[To do]
So that the copy stays text only, transcribe the data below exactly and exclude the images.

[Data segment]
____________
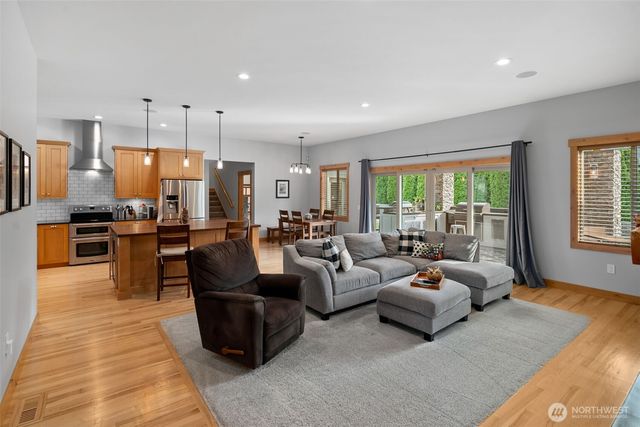 2535 Tuscany Lane, Malaga, WA 98828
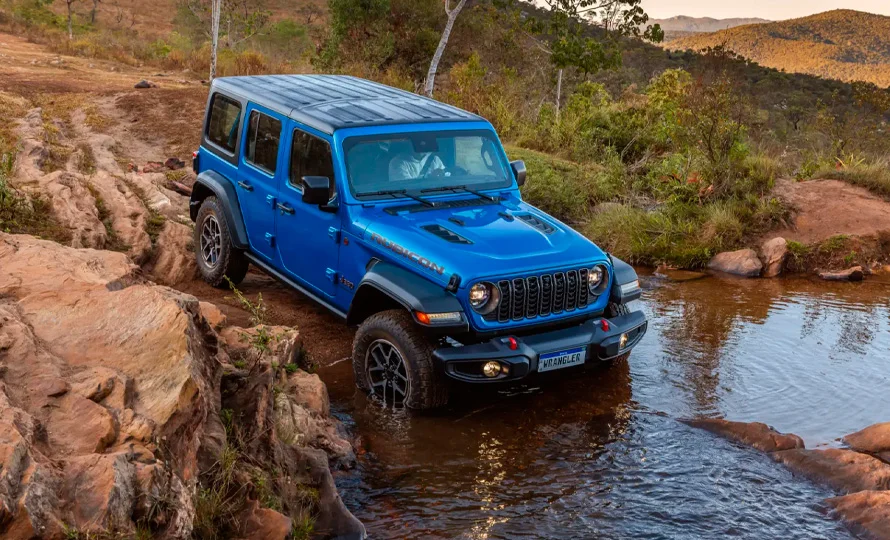 foto890_jeep-wrangler-conteudo-offroad-6.webp.webp?v=1756212805?v=1756213533?v=1756214306?v=1756214868?v=1776080158?v=1776340363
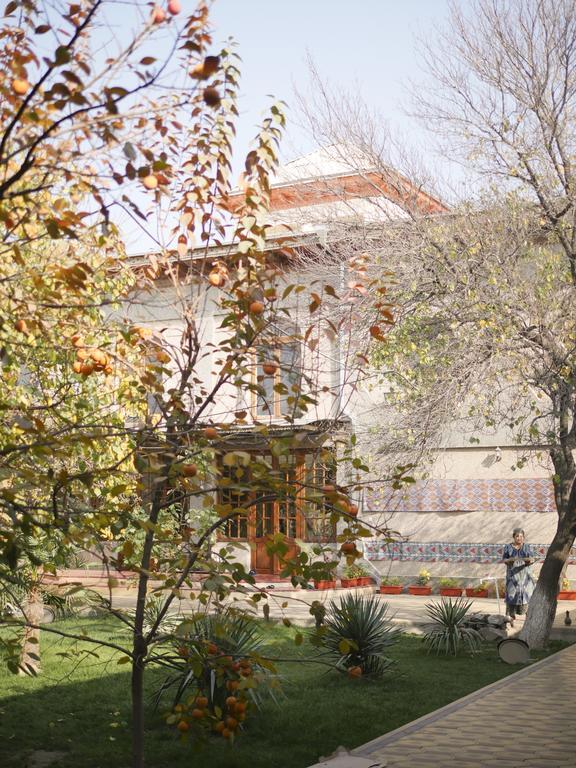 Guest House Ikathouse Marghilon Exterior photo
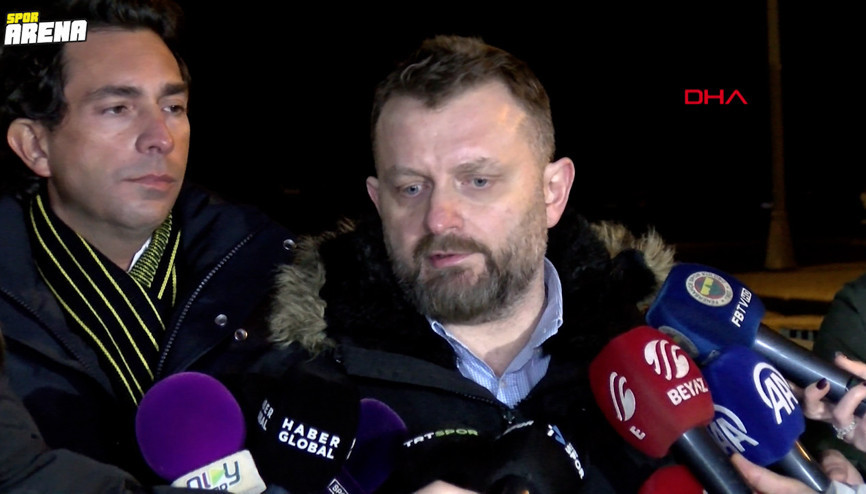 Başakşehirde Deniz Türüç çok sinirlendi, Fenerbahçede Selahattin Bakiden tepki geldi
____________
[Solution]
 2535 Tuscany Lane, Malaga, WA 98828
 foto890_jeep-wrangler-conteudo-offroad-6.webp.webp?v=1756212805?v=1756213533?v=1756214306?v=1756214868?v=1776080158?v=1776340363
 Guest House Ikathouse Marghilon Exterior photo
 Başakşehirde Deniz Türüç çok sinirlendi, Fenerbahçede Selahattin Bakiden tepki geldi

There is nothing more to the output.